“Let sixteen cowboys come sing me a song. . . .
For I’m a young cowboy and I know I’ve done wrong.”
—Anonymous, “The Cowboy’s Lament”
The American West has become a place of simultaneous myth and reality. There is a West where zesty young men mounted on noble steeds occasionally rounded up some cattle to be driven to market, but for the most part these cowboys never seemed to work. Instead, they sat in saloons with women of easy virtue but hearts of gold. These Westerners did little except drink, gamble, and act as witnesses to the violence which was “as American as apple pie.” The towns of this American West featured shoot-outs at high noon between good guys wearing white hats and riding white horses and evil men wearing black hats and riding black horses.
There also is a West where entrepreneurs in cattle risked their investment dollars to build ranching empires that provided beef for a hungry nation. Simultaneously they gave employment to thousands of young cowboys who came to the occupation filled with romantic delusions that they were going to sleep under azure skies and beside limpid streams, sing songs to lowing cattle, and ride horses that would reciprocate their riders’ love and understanding. Newly minted cowboys quickly learned that horses could be mean, shifty-eyed little brutes whose major goal in life was to kill or maim their riders, that cattle were stupid to the point of self-destruction, and that the life of the cowboy was short, hard, and dangerous.
These cowboys and cattlemen of the real West were genuine pioneers who fought loneliness and isolation, the searing heat of summer, the freezing blizzards of winter, and early death from the unremitting toil demanded to transform the region from a frontier into a vital part of the United States.
In the earliest stages of settlement, most people moving to this American West were young men willing to risk the privations either because of romantic delusions or else because they saw opportunity for self advancement. When these young, lonely men did get to town, some of them sought solace from prostitutes, whose life was equally difficult, for they existed in a world where they served both as victim and victimizer. For the most part such women were hardened and cynical souls, who had chosen this life out of economic necessity. They lived in cheap shacks cluttered around the saloons. They had no form of medical inspection, and venereal disease was rampant. Because of the amount of cheap liquor they consumed, the drugs many of them took, the diseases they contracted, and their hard living conditions, they usually died young, particularly from pneumonia. Most of these “soiled doves” had little compunction about rolling drunks and were filled with contempt for their customers; yet, some were surprisingly honest—and even gentle. In short, they were human.

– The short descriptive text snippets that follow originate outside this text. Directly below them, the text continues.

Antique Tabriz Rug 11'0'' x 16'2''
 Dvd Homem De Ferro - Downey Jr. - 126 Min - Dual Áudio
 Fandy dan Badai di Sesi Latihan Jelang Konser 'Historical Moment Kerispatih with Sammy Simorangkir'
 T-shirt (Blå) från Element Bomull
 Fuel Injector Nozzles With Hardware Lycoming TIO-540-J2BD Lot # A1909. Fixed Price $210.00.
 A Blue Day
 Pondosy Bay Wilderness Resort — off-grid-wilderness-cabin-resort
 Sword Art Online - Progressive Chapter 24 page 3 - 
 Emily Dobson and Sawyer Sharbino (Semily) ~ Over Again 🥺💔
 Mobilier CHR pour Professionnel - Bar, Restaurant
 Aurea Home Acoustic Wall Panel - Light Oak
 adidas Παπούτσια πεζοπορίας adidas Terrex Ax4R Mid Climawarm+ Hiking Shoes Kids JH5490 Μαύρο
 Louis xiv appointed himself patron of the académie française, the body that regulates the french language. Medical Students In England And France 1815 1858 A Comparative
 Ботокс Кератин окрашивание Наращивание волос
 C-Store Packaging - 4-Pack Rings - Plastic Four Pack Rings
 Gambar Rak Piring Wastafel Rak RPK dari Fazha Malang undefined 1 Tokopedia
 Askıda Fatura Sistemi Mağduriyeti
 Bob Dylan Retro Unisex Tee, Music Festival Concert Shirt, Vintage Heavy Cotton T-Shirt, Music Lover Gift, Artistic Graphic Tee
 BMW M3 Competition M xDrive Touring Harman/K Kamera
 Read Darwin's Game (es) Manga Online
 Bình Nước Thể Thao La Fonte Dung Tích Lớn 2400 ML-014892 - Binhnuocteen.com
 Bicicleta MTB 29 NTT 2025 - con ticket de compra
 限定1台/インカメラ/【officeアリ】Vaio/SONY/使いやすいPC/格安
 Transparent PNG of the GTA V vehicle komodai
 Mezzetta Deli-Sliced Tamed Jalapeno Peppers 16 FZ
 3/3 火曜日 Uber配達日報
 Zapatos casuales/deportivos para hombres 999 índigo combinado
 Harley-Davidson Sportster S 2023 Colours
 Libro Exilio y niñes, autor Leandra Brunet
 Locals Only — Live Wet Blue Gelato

In the past, books about the American West also could be divided into the same two classes of myth and reality—one with pasteboard characters participating in a morality play, the other reflecting a region of unremitting toil and of economic contribution to the building of America. Perhaps because of our infatuation with the horse and all this animal has come to symbolize, thousands of books of both kinds have been written about cowboys and cattlemen—with more than a few of them noting the prostitutes in the saloons they frequented.
Now a third category should be added to this list: books rehashing known facts but larded with sociological and psychological jargon and motivated by economic prejudice against the entrepreneur. The Real American Cowboy and Daughters of Joy, Sisters of Misery are typical of such works. Writers who live in Massachusetts or Washington, DC, and whose views of the West derive from the Western movie, economic determinism, and the cloistered research library, churn out works about cowboys which refer to the occupation as a “trade fraternity.” These books speak about the friendships of the bunkhouse in terms of “male bonding” and portray prostitutes as “enmeshed in a complex web of human attitudes, defined with scorn and jocularity, and circumscribed by rigid societal responses.”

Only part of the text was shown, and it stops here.